26.07.2024
Il parcheggio è pagato fino alle 13. L’ultimo giro fino al faro ci inganna sulla distanza. Passeggiamo senza fretta, il tempo vola. Da quando siamo partiti, le giornate sembrano durare 5 minuti. Guardiamo l’orologio, è tardi. Corriamo indietro, arriviamo al parcheggio alle 13.01. Il custode ci aspetta, ci fissa.
Iniziamo a sbaraccare, facendogli capire che stiamo andando. Poi vediamo lo scarico e decidiamo di restare altri venti minuti a fare le nostre cose sporche. Si rivela un disagio totale, scomodo da morire. Blocchiamo l’ingresso, lanciando i nostri secchi pieni di merda in un pozzetto di cemento rialzato. Un altro camper vicino chiude la porta disgustato. Salutiamo il ragazzone, adios, e ce ne andiamo.
Ci dirigiamo verso Cadice, affrontando quasi due ore di guida. Raggiungiamo una zona lontanissima dal centro, dove speriamo di parcheggiare il nostro mezzo. Scopriamo che i parcheggi della stazione sono pieni di camper e auto, tutti occupati. Nei pochi spazi liberi non riusciamo a entrare. Proseguiamo verso un altro parcheggio più avanti, completamente vuoto, senza nemmeno una macchina. Poi capiamo il perché: attraversiamo un’area di case popolari fatiscenti. Una bella eroinomane ci accoglie lungo la strada, in preda a un attacco, mentre si spara una pera. Pazienza, Cadice, ti saltiamo.
Lungo la strada, notiamo una spiaggia con un parcheggio pieno di camper lungo la statale. Tentiamo di raggiungerla, ma anche lì non c’è posto. Il destino ha deciso così e noi non possiamo opporci.
Ci dirigiamo verso Arcos de la Frontera, un pueblo blanco che si estende su una rupe affacciata sul fiume Guadalete. Da qui inizia la famosa ruta dei pueblos blancos dell’Andalusia. Troviamo un parcheggio in un’area sterrata.
Arrivati stanchi e affamati, cerco di farmi un caffè, ma il gas è finito. Così, via di nuovo al volante, in cerca di un benzinaio Repsol.

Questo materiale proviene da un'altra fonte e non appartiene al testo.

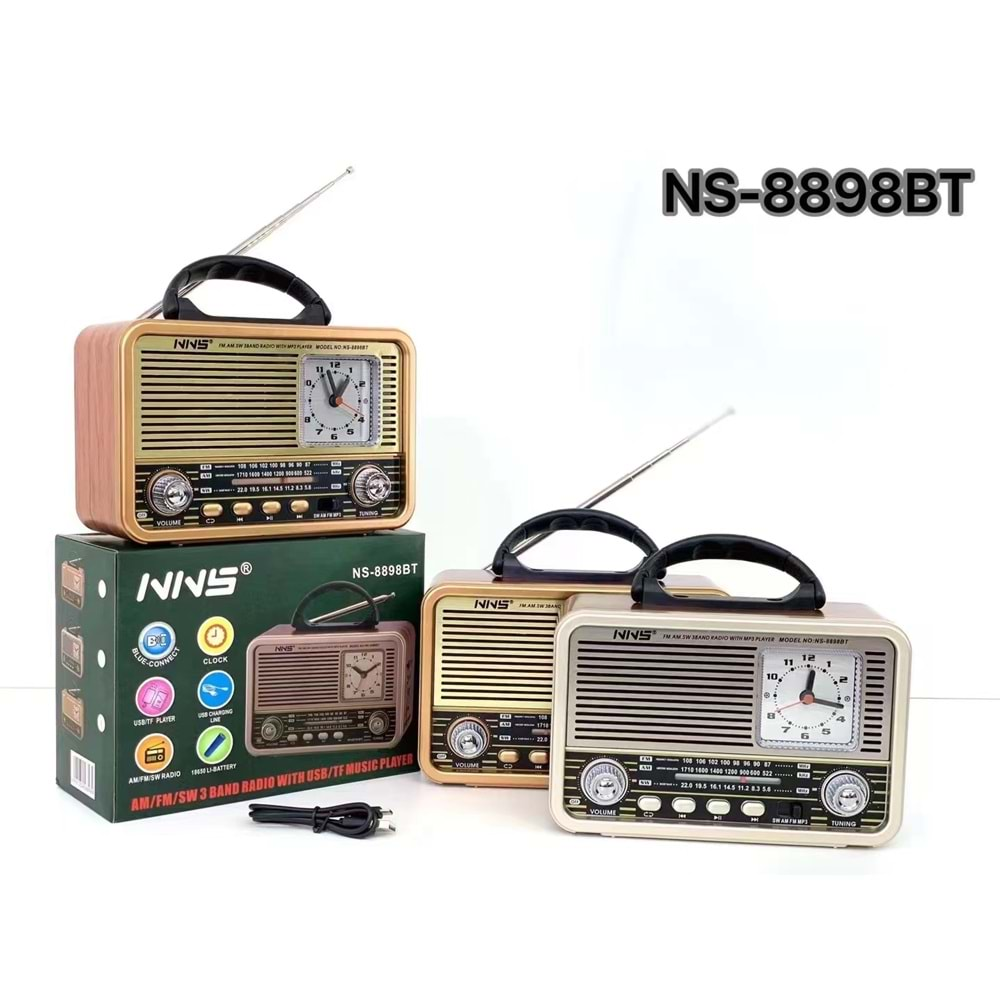 TELSAN NS-8898BT USB/SD/FM/BLUETOOTH NOSTALJİ GÜÇLÜ SİNYAL MÜZİK KUTUSU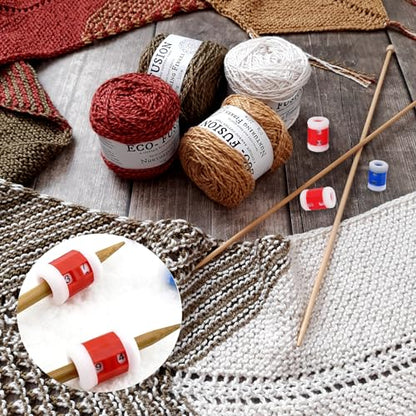 10 Pcs 2 Sizes Plastic Knit Counter Knitting Crochet Stitch Marker Row Counter for Recording The Number of Weaving Rows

Il navigatore ci fa fare strade a vuoto. La strada principale è chiusa per lavori. Ci vuole far passare per il paese, ma siamo grossi e le strade sono strette. Allunghiamo di molto, ma alla fine arriviamo. Facciamo il cambio e torniamo al parcheggio.
Finalmente riusciamo a visitare questo pueblo. Ai tempi degli arabi, era un bastione difensivo, poi la capitale del regno di Taifas. Ora è un labirinto di strade strette e ripide, con le famose case bianche. Le mura e il castello sono gli unici edifici storici rimasti intatti. Il resto è trasformato in negozi di souvenir e ristoranti per turisti. La storia si perde tra le bancarelle di cianfrusaglie. La modernità inghiotte il passato, lasciando solo un’ombra di ciò che era.
Il castello? Non si può visitare, venduto a degli inglesi. Il famoso arco sul fiume? Chiuso per lavori. Non ci rimane che l'ingresso al museo, pieno di foto storiche e racconti della Resistenza.
Il paese è morto, a parte qualche turista sperduto. Lo giriamo in lungo e in largo, ma non c’è niente di interessante. Ci arrendiamo. Verso sera, il parcheggio si riempie. Di fronte, un bar di tapas con reggaeton a tutto volume. La gente fa casino tutta la notte. Eccoci qua, un’altra notte insonne.
27.07.2024
Se ve lo state chiedendo, sì, non abbiamo chiuso occhio. Uno schifo
totale. Gli ultimi schiamazzi alle 4 del mattino. Il paesino, di giorno
un cimitero, ma quei mille abitanti si trasformano in demoni festaioli
di notte. Facciamo un altro giro, giusto per sgranchirci le ossa, poi
via verso Jerez de la Frontera.
Ci troviamo in un parcheggio immenso.
Si va a spasso per la città, famosa per il suo sherry. Le cantine, chiamate “bodegas”, sono tra le più antiche della Spagna. Il centro è un
concentrato di bar, ristoranti, locali turistici e negozietti. Alcuni
offrono spettacoli di flamenco, ma la maggior parte sono chiusi per
ferie.
Non ci rimane molto da vedere. Ci imbattiamo nell’Alcázar di
Jerez e nella Cattedrale, belle da fuori, ma chiuse . Dopo aver girato
tutta questa cittadina, ci ritiriamo al camper per fare la lavanderia. Mettiamo in moto verso l’area camper più vicina alla nostra
prossima destinazione: La Puebla Del Rio.